INFORMATION PROVIDED »
==============================

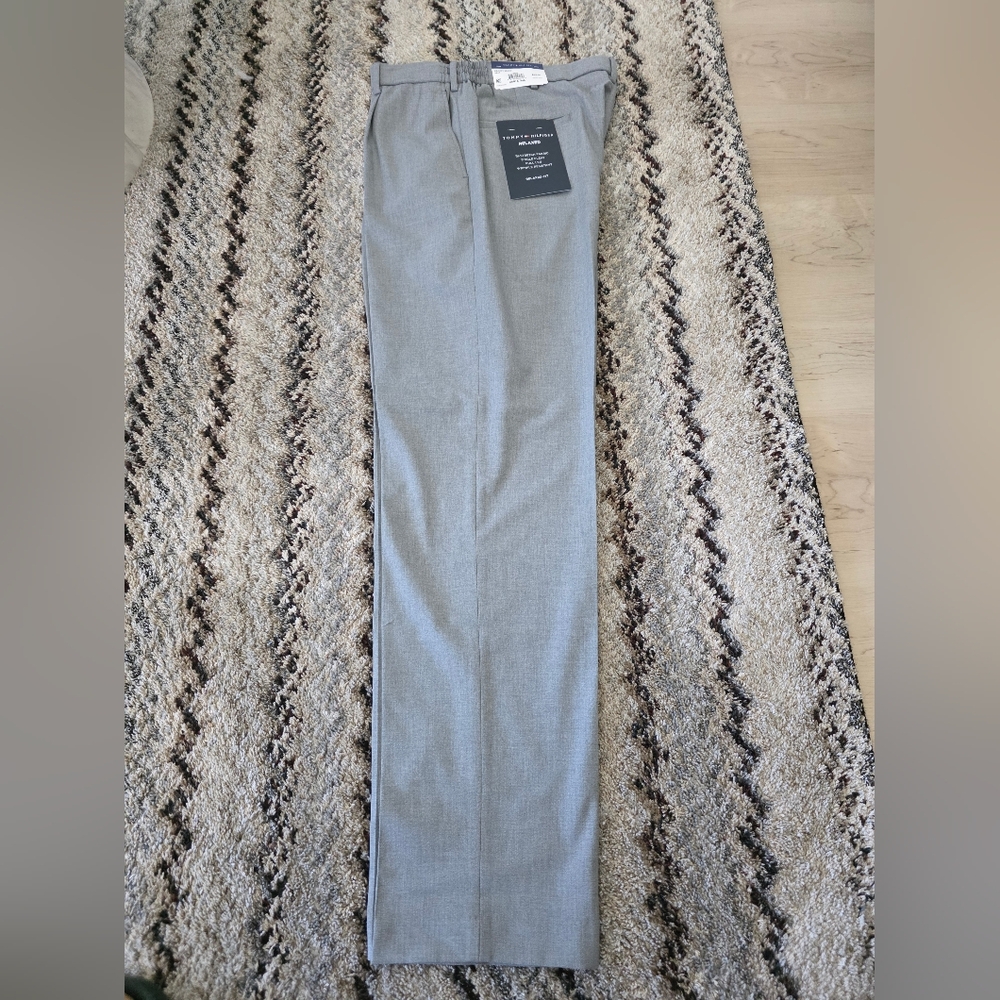 Tommy Hilfiger Mens Dress Pants 36x34 Wrinkle Free Grey Career $95 Relax Fit
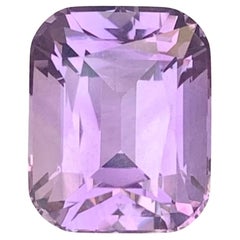 8.25 Carat Natural Loose Lavender Colour Amethyst Cushion Shape Gemstone (Améthyste en forme de coussin)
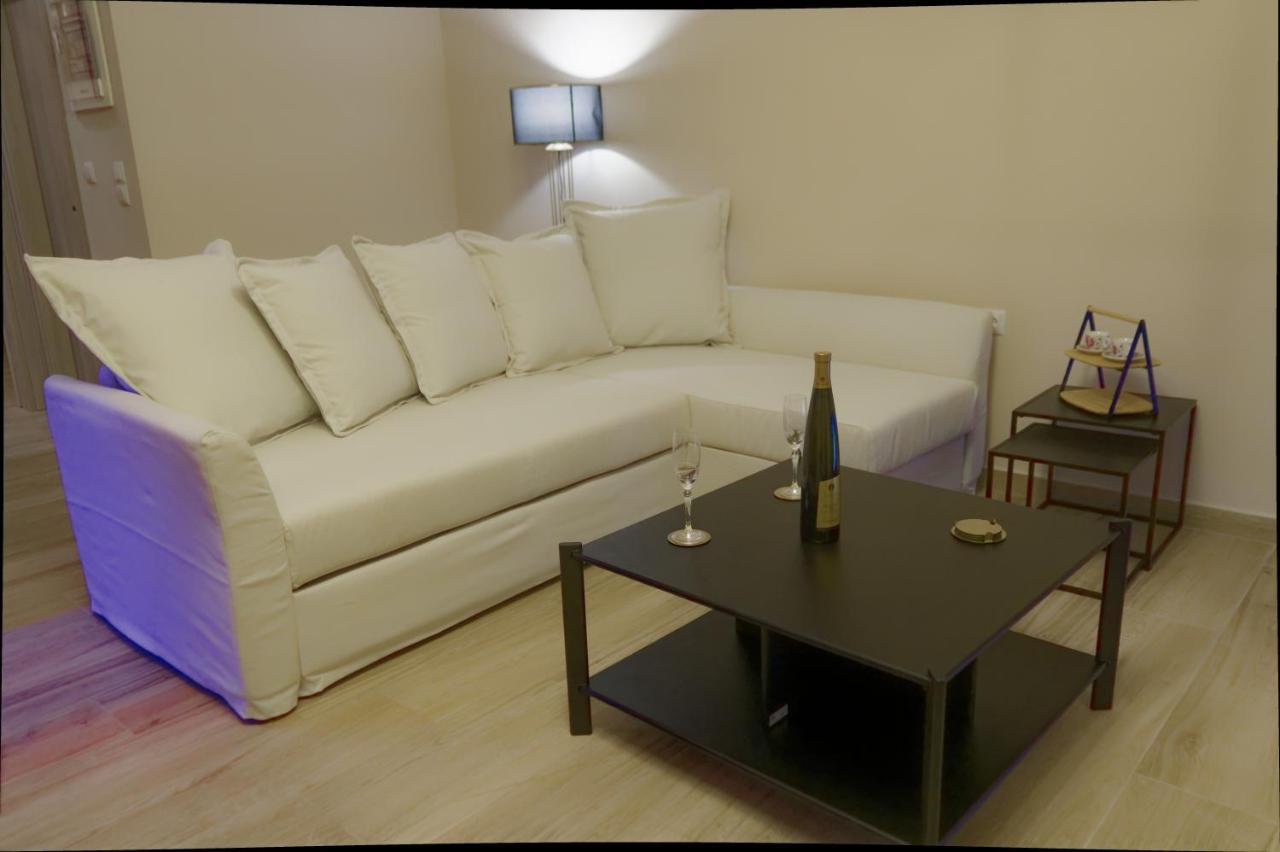 Niriides Apartments Порто Хели Екстериор снимка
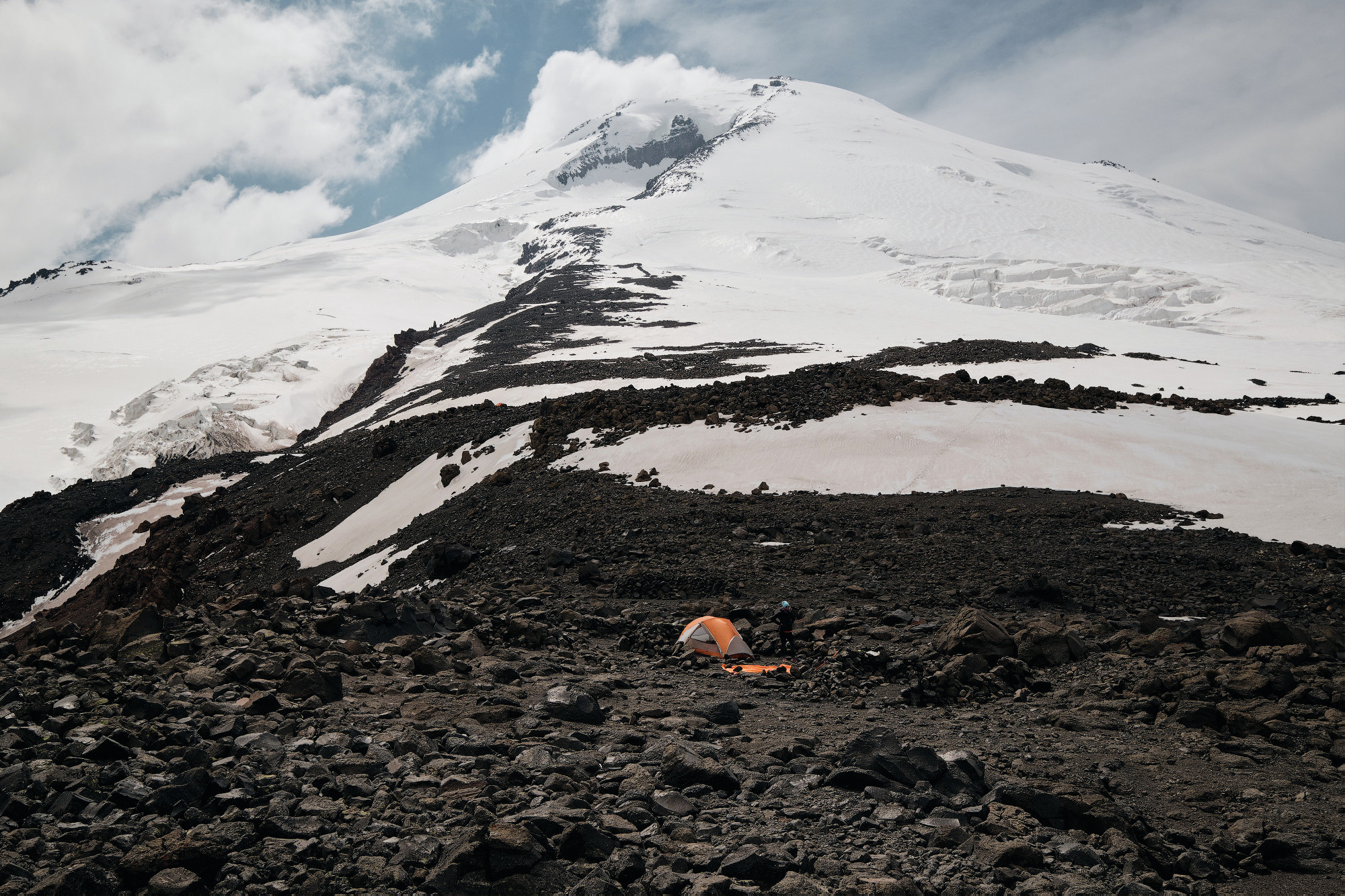 Эльбрус с востока. Июнь 2019 года. Репортажный фотограф Дмитрий Литвинский. Минск, Беларусь, мир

==============================

DIRECTIONS » Pictures are not part of the copy. Please reproduce the material word for word.

ANSWER AREA »
 Tommy Hilfiger Mens Dress Pants 36x34 Wrinkle Free Grey Career $95 Relax Fit
 8.25 Carat Natural Loose Lavender Colour Amethyst Cushion Shape Gemstone (Améthyste en forme de coussin)
 Niriides Apartments Порто Хели Екстериор снимка
 Эльбрус с востока. Июнь 2019 года. Репортажный фотограф Дмитрий Литвинский. Минск, Беларусь, мир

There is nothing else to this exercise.